The convolution calculation accelerator based on CSR coding saves the additional expenditure of coding by carrying out block preprocessing on input data, effectively avoids redundant parts in the convolution calculation of a neural network by CSR coding processing, completes multiplexing of discontinuous input data by a pulse calculation array after coding and a subsequent series of processing, realizes back pressure control by a data delay module, and solves addition and write conflicts caused by the discontinuity of the input data; meanwhile, the data is divided into the window and cross-window data, so that the storage size required by matching the data is saved, the pressure of on-chip storage is reduced, the power consumption is reduced, and the high-parallelism convolution calculation becomes possible;
in addition, the invention saves extra area expenditure through data classification and module multiplexing, not only realizes the characteristic value multiplexing and adder multiplexing in the pulse array, but also can enjoy the convenience of zero redundancy calculation removal brought by encoding.
Example two
On the basis of the first embodiment, the present embodiment provides a convolution calculation acceleration method based on CSR coding. Referring to fig. 8, fig. 8 is a flow chart of a convolutional calculation acceleration method based on CSR coding according to an embodiment of the present invention, where the method includes:
step 1: external data are obtained, block preprocessing and CSR coding are carried out, and characteristic data and corresponding addresses thereof are obtained;
step 2: performing natural flow multiplexing calculation on the corresponding characteristic data and weights through addresses based on the pulse arrays, and dividing calculation results into window data and cross-window data;
step 3: accumulating the window data and the cross-window data through adder multiplexing, suspending the current work through back pressure control when judging that the addition and write conflict occurs, and restarting the current work after the delay data are added;
step 4: and integrating and remapping bit widths of the accumulated data, and writing the accumulated data into off-chip storage to complete multiplexing convolution calculation of discontinuous input data.
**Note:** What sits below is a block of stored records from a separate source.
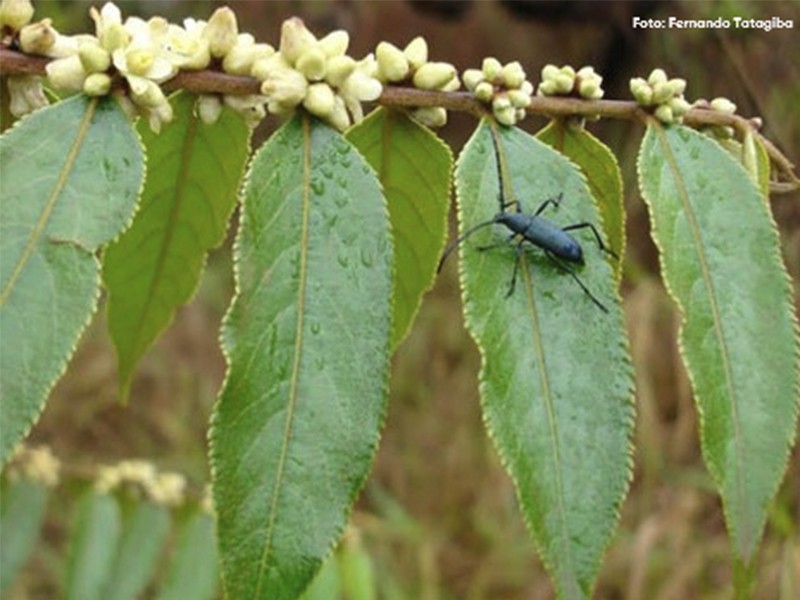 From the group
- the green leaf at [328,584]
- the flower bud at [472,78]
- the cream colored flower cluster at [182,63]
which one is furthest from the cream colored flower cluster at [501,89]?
the green leaf at [328,584]

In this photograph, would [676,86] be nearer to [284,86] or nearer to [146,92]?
[284,86]

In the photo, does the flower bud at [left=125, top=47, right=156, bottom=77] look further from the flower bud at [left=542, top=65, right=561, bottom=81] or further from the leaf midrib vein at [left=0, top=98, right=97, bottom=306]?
the flower bud at [left=542, top=65, right=561, bottom=81]

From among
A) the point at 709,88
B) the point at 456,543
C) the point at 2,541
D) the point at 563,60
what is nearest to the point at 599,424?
the point at 2,541

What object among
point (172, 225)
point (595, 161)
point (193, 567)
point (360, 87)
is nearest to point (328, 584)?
point (193, 567)

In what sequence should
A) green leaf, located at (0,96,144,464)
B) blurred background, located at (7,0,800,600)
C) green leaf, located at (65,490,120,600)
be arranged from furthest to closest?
blurred background, located at (7,0,800,600) → green leaf, located at (65,490,120,600) → green leaf, located at (0,96,144,464)

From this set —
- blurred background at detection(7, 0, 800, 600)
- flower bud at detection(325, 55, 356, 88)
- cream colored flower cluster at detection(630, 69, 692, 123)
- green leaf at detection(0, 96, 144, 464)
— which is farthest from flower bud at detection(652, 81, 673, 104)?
blurred background at detection(7, 0, 800, 600)

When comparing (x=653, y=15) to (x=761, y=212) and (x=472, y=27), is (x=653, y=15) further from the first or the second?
Answer: (x=761, y=212)

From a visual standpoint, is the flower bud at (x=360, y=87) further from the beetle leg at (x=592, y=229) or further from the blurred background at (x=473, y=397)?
the blurred background at (x=473, y=397) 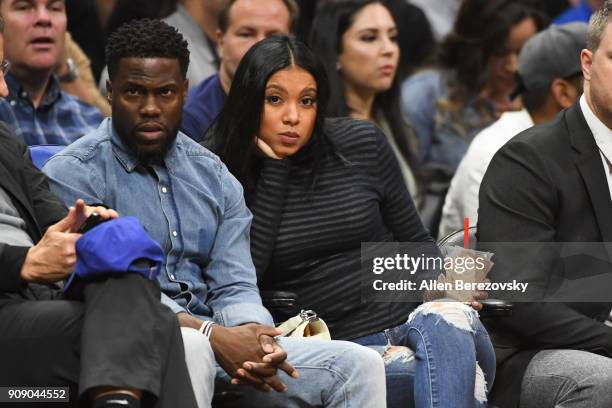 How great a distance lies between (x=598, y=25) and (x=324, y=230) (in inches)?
48.6

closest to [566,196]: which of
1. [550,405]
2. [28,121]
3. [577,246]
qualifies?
[577,246]

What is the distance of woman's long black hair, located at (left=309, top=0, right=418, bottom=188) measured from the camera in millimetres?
6754

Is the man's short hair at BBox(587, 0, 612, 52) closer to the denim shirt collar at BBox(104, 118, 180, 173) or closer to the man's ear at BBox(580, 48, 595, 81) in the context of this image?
the man's ear at BBox(580, 48, 595, 81)

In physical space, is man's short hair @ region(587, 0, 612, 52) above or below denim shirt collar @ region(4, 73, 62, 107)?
above

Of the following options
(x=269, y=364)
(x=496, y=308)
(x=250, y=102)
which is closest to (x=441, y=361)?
(x=496, y=308)

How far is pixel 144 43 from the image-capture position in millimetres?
4434

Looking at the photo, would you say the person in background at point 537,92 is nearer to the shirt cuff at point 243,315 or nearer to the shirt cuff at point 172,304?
the shirt cuff at point 243,315

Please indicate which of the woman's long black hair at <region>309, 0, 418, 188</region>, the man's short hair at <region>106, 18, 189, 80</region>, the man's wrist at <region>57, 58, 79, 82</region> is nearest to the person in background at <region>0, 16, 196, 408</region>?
the man's short hair at <region>106, 18, 189, 80</region>

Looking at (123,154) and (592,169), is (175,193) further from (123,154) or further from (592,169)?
(592,169)

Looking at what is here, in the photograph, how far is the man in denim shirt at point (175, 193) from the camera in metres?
4.20

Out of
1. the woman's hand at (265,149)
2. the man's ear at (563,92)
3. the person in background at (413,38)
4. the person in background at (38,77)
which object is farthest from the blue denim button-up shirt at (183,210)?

The method provided in this embodiment may be applied to the convolution calculation accelerator provided in the first embodiment, and the detailed process may be referred to the description of the first embodiment. Therefore, the method can also reduce the pressure stored on the chip, reduce the power consumption and is suitable for high-parallel convolution calculation.
The foregoing is a further detailed description of the invention in connection with the preferred embodiments, and it is not intended that the invention be limited to the specific embodiments described. It will be apparent to those skilled in the art that several simple deductions or substitutions may be made without departing from the spirit of the invention, and these should be considered to be within the scope of the invention.